IVC Eager To Embrace New Academic Year

August 16, 2018

   Welcoming back faculty and staff for a 57th academic year, Imperial Valley College hosted its convocation on Aug. 10 at the DePaoli Sports Complex in preparation for the 2018-19 academic year.

 

   Classes began at IVC on August 13.

 

   The convocation targeted faculty and included a three-member student panel. New Superintendent/President Martha Garcia, who succeeded Victor Jamie who retired in June, noted the 2017-18 class was the college’s largest with 1,080 graduates and 1,707 awarded degrees, a 10-percent increase over the prior year.

 

IVC Superintendent/President Dr. Martha Garcia extols the year past

as well as the coming academic year at the 2018 convocation in Imperial, August 10. 

 

   "I'm truly excited about our opportunities as an institution," said Garcia. "We've shown we can work hard at IVC and have fun and create the best working environment ever. IVC is one of 14 community colleges experiencing enrollment

growth at eight percent."

 

   She added she feels blessed to serve as the school’s ninth president, particularly being an alumna, and that IVC was her bridge to a bachelor's degree.

 

   "We have the opportunity to make an impact on the professionals of this community," she stressed. "And we have the responsibility to help contribute to the social and economic development of Imperial Valley."  

  

   One of the student panelists was Ricardo Rodriguez, 42, who was born and raised in El Centro but who strayed into a 20-year lapse of substance abuse resulting in periodic incarceration. He recalled it required five years and seven different schools but he persevered and graduated from Desert Oasis High School.

 

Ricardo Rodriguez, recent IVC graduate explains his motivation to

stay in school on August 10 in Imperial.

 

   Rodriguez admitted he once did not trust teachers since he believed they did not have his best interests at heart.
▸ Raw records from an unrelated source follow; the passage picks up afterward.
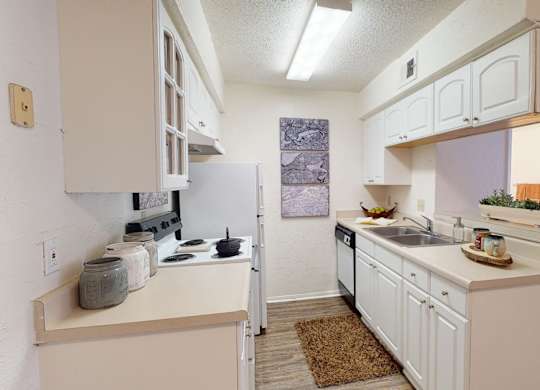 A kitchen with white cabinets and appliances.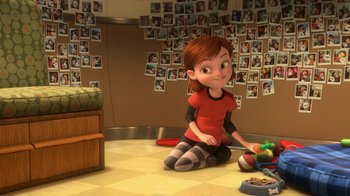 Movie still from “Bolt” (2008), directed by Chris Williams – A girl sitting on the floor playing with toys; Wide shot, Over the shoulder angle
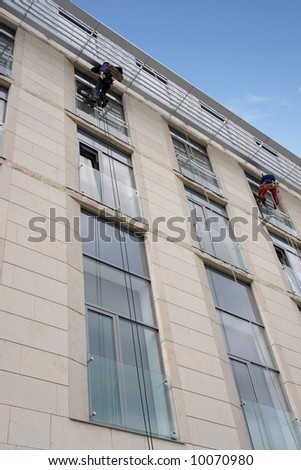 Two window washers washing office building windows hanging outside the building on ropes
Once at IVC, he was clueless and picked out classes randomly not realizing he needed Spanish 101 before registering for the 201 level.

 

   "When incarcerated you're told how to do everything," he said. "I picked classes just to get classes. But after one semester I surprised myself, I got four A's and a B."


   Fortunately, Rodriguez received guidance from counselor Jose Plascencia, who helped him focus, and he now enjoys coming to school.

 

   "Today I have an AA degree and am transferring to Northern Arizona University in Yuma to major in social work, something unimaginable in the past. But I'm having the greatest time in my life," he said.
 

  Rodriguez suggests anyone in his former situation to give college a chance because people will never know what can be accomplished until they make an effort.

 

   "What kept me going to school was the desire not to relapse," he said. "IVC was my only outlet to having a life chance."
 

   Lennor Johnson, interim vice president of student services, vowed continuous improvement by removing barriers to success and maximizing opportunity.

 

Dr. Lennor Johnson, interim vice president of student services at the
2018 IVC convocation in Imperial; August 10.

 

   "This year we'll focus on closing the achievement gap, roll out online counseling, as well as improve direct-contact counseling and strengthen partnerships with K-12 (kindergarten to 12th grade) public schools. It takes teamwork with a common vision to achieve uncommon results," Johnson said.


   Christina Tafoya, IVC vice president of academic services, alerted faculty there will have a visit from March 11-14 by the Western Accreditation of Schools and Colleges.

 

 Dr. Christina Tafoya: vice president of academic services at IVC

discussed pathways to achievement in Imperial, August 10.

 

   "We must put our best foot forward by reviewing, vetting, refining and documenting evidence," she said. "We need a continuous quality improvement plan. How's it achieved?"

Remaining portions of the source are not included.